[SRILM] Some more FLM questions
Andreas Stolcke
stolcke at speech.sri.com
Mon Oct 23 15:46:53 PDT 2006
ilya oparin wrote:
>
> 2) Could you please specify how you work with large
> data?
> When I was training the model on 5M data, it was
> taking 1.2G of memory. Actually, I work with
> inflectional languages (Russian and Czech) so the
> factors are really "rich": features for each word
> include its stem, inflection, detailed morphological
> tag and lemma. May be that's why it takes so much
> space? Otherwise I can not get how you managed to run
> it for 30G words in English: in my case if I want to
> enlarge data it seems like I'll have to switch to
> 64-bit architecture. Does SRILM and FLM support 64-bit
> somehow?
> If it's only me that lucky with memory loads, what
> could you suggest to reduce it?
>
Yes, SRILM supports 64bit linux (and other) platforms. For Linux
running on AMD64-compatible
machines use
make MACHINE_TYPE=i686-m64
So reduce memory consumptions use the strategies described in doc/FAQ.

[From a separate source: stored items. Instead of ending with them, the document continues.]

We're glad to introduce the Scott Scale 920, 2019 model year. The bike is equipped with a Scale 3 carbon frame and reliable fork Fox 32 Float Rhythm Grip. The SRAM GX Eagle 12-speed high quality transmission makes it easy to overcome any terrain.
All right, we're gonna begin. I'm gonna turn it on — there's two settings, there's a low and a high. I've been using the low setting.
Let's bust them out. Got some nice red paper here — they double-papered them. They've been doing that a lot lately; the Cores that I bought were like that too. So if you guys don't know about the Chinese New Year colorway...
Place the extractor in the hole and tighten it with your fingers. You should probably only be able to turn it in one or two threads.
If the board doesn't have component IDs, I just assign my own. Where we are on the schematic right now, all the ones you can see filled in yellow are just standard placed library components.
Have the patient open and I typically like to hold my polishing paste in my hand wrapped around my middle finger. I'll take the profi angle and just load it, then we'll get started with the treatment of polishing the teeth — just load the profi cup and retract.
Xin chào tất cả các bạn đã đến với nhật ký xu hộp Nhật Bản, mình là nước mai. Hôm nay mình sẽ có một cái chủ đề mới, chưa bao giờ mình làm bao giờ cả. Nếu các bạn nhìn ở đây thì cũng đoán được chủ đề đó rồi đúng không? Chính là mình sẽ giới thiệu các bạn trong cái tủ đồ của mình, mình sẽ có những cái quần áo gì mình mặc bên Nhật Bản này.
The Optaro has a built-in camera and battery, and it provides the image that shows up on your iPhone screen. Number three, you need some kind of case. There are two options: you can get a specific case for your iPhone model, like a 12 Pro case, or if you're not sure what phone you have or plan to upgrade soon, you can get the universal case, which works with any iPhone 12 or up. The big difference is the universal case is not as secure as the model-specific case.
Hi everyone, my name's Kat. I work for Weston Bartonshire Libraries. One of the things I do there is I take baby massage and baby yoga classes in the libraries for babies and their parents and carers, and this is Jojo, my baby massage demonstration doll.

I'm copying here the relevant bits, many of which apply to
FLMs as well.
> Topic: Large data / too little memory issues
>
> 1) I'm getting a message saying (among other things)
>
> Assertion `body != 0' failed.
>
> A: You are running out of memory. See subsequent questions depending on
> what you are trying to do. Note: the above message means you are
> running
> out of "virtual" memory on your computer, which could be because of
> limits in swap space, administrative resource limits, or limitations of
> the machine architecture (a 32-bit machine cannot address more than
> 4GB no matter how many resources your system has).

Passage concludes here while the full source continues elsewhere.